Available data:

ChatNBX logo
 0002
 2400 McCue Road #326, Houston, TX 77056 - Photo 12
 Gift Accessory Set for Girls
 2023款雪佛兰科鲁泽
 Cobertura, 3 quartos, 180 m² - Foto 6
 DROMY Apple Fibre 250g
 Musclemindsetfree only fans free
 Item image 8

Task objective: Give the entries again exactly as they stand.

Output:
ChatNBX logo
 0002
 2400 McCue Road #326, Houston, TX 77056 - Photo 12
 Gift Accessory Set for Girls
 2023款雪佛兰科鲁泽
 Cobertura, 3 quartos, 180 m² - Foto 6
 DROMY Apple Fibre 250g
 Musclemindsetfree only fans free
 Item image 8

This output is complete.